The paper proposes a technique for building a statistical shape model by automatically finding correspondences in a groupwise fashion. The method uses geometric deep learning to learn features and then learns functional correspondences. Some mild concerns were raised by the reviewers, which were addressed by the reviewers in the rebuttal. I recommend the paper to be accepted.
Meta-review #3
- Please provide your assessment of the paper taking all information into account, including rebuttal. Highlight the key strengths and weaknesses of the paper, clarify how you reconciled contrasting review comments and scores, indicate if concerns were successfully addressed in the rebuttal, and provide a clear justification of your decision. If you disagree with some of the (meta)reviewer statements, you can indicate so in your meta-review. Please make sure that the authors, program chairs, and the public can understand the reason for your decision.

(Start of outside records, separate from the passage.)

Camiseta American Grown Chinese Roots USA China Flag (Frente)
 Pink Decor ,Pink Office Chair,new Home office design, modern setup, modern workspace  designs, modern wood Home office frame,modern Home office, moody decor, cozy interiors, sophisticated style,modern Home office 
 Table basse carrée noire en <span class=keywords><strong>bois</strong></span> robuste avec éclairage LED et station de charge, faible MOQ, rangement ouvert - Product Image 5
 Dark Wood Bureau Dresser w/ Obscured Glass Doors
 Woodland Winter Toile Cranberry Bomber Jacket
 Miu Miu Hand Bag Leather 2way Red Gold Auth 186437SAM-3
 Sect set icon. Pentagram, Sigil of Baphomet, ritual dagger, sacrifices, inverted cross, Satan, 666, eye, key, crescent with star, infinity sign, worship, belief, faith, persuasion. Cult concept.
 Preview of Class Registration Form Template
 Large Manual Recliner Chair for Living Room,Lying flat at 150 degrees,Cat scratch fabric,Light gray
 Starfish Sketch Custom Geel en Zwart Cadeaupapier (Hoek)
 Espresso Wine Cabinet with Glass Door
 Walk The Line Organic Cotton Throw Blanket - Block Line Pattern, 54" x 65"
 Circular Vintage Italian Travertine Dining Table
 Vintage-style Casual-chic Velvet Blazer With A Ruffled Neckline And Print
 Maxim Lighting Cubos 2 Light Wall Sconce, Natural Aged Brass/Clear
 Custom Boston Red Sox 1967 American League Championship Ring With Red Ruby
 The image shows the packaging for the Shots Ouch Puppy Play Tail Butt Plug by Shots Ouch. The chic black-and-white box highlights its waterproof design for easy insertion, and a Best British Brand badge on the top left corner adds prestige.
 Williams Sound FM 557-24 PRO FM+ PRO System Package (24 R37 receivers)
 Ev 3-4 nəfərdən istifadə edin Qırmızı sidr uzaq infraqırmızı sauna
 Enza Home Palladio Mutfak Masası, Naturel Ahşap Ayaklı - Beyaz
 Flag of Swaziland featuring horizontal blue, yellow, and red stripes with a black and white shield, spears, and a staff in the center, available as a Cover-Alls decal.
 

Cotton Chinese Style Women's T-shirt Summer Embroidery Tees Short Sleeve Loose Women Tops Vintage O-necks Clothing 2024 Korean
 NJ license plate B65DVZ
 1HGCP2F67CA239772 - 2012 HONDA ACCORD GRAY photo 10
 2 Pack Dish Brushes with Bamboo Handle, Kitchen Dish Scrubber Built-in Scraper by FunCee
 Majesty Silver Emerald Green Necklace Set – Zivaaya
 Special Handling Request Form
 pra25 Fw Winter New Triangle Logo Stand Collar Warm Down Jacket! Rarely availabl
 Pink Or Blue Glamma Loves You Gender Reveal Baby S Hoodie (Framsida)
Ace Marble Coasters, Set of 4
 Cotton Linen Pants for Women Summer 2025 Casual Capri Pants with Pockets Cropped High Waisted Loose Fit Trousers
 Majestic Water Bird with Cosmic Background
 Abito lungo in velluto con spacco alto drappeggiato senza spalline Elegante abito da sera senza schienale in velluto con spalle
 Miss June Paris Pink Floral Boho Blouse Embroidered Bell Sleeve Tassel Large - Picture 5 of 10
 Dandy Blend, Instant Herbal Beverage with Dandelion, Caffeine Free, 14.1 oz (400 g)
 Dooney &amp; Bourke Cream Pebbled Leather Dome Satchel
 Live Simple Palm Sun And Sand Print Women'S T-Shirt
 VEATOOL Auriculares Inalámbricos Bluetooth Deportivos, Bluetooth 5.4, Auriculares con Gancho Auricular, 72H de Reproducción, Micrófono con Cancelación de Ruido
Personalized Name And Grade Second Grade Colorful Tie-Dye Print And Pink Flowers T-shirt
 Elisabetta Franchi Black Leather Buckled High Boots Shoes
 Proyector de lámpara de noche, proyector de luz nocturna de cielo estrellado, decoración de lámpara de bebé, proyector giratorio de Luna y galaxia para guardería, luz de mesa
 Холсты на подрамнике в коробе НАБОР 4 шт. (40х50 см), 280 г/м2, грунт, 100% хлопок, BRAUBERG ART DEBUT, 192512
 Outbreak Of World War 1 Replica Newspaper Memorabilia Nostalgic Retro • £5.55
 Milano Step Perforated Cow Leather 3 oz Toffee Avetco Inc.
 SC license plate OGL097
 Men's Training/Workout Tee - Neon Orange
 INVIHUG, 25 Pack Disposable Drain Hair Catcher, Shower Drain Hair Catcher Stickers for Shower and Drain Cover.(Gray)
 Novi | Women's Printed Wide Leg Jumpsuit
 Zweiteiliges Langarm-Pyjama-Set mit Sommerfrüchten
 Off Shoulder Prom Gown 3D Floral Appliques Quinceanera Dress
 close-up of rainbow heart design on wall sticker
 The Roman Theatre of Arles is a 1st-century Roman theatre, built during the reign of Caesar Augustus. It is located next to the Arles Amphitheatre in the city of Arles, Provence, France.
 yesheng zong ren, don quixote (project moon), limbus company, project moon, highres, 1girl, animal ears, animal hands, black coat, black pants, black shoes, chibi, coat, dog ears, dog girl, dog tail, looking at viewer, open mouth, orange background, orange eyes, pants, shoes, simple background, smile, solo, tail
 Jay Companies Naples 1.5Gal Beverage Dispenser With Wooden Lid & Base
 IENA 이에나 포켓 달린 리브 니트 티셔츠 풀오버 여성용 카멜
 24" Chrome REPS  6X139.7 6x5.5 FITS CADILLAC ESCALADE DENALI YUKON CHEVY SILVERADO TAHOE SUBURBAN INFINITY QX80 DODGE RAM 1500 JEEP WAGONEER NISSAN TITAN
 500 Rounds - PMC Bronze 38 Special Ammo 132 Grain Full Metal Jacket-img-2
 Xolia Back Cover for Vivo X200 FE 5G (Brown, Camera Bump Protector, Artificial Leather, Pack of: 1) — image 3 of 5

The rebuttal did not address the concern of the discrepancy between the proposed expected outcomes and the actual results. For e.g. the paper showed examples of simple Y-shaped bifurcations with uniform radii instead of more complicated structures with spread-out branches with higher geometrical variability. The main concern was that the paper did not make a strong case for the benefit of this approach, by not comparing the actual reconstructions from their method (not the performance) against other established approaches.